First, the nation’s decades of experience deploying fossil energy infrastructure offers numerous insights and evidence as to regulatory approaches that enable successful and widespread buildout of energy projects. We can and should apply these lessons to aid in clean energy infrastructure buildout, while at the same time learning from their failures. For example, siting authorities that are able to holistically consider interstate projects, as with natural gas pipelines, can unlock considerable project development activity. Another example is the use of NEPA categorical exclusions to streamline permitting timelines. As policymakers and agency administrators search for ways to improve the regulatory regime for clean energy, fossil infrastructure practices should be a primary resource. Caution should be exercised in order to successfully expedite clean energy while maintaining community and environmental safeguards.
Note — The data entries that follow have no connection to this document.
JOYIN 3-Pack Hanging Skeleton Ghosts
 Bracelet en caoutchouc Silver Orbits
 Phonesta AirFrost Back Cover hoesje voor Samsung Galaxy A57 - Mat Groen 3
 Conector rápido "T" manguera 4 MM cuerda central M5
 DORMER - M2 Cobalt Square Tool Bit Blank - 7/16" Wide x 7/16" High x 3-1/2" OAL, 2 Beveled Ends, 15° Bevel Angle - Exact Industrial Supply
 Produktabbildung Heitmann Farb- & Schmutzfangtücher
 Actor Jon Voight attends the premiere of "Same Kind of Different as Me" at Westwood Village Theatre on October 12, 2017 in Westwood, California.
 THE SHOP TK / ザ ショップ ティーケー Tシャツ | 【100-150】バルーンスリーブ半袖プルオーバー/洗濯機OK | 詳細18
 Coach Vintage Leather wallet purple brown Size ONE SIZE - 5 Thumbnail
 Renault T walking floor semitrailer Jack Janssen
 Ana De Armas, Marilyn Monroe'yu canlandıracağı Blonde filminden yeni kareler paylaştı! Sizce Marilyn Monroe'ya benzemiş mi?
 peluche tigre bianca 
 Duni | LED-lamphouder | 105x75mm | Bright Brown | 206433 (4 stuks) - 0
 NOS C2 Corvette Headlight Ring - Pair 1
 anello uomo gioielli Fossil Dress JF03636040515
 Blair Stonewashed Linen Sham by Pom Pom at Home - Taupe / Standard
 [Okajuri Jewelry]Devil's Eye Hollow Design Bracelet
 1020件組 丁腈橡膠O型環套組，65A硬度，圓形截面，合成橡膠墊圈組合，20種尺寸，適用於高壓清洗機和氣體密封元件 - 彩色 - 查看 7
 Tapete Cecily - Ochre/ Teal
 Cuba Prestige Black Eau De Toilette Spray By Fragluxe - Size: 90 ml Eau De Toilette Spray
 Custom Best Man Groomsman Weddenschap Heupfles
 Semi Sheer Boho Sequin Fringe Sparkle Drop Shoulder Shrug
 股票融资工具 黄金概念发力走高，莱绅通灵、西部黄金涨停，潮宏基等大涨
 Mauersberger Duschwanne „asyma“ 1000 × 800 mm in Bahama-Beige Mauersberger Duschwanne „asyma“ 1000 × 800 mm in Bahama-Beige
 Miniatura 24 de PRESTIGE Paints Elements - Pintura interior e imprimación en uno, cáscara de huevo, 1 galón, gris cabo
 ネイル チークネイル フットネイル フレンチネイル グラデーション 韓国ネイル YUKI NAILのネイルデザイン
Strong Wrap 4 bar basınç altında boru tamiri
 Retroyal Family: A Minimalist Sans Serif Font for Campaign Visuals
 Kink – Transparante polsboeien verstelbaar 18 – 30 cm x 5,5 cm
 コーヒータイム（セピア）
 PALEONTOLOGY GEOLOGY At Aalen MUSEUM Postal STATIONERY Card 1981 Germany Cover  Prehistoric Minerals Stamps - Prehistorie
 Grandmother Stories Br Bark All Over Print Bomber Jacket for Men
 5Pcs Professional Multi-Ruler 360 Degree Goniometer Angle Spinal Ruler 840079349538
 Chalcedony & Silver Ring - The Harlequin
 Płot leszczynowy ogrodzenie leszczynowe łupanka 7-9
Second, mechanisms for coordination are key to improving regulatory treatment of clean energy. Federal, state, and local regulations must align such that siting and permitting do not become obstacles to beneficial clean energy projects, and community engagement and benefits should feature heavily in these alignments. The many federal agencies involved in siting, leasing, and permitting must communicate effectively among themselves to coordinate and align their reviews. And federal agencies should seek to minimize constraints on clean energy created by competition for limited agency resources. Land leasing for multiple clean energy types is a notable example of this issue. Sufficient government capacity should be provided to meet energy development needs, and any capacity limitations should be recognized and addressed intentionally to reasonably resolve resource development trade-offs between fossil and clean energy sources. Moreover, clean energy should be prioritized through a whole-of-government approach. This would mean addressing staffing and other agency capacity elements, and proactively coordinating the various government activities required for clean energy infrastructure development while maintaining appropriate environmental, community, and cultural protections.

Third, transmission expansion is necessary to bring the electricity from clean energy sources to consumers. Transmission also requires improving existing siting and permitting processes. The compounding nature of these regulatory requirements potentially also applies to emerging infrastructure types such as hydrogen and CO2 capture. Expanding clean energy development hinges on recognizing and addressing this uniquely complex challenge.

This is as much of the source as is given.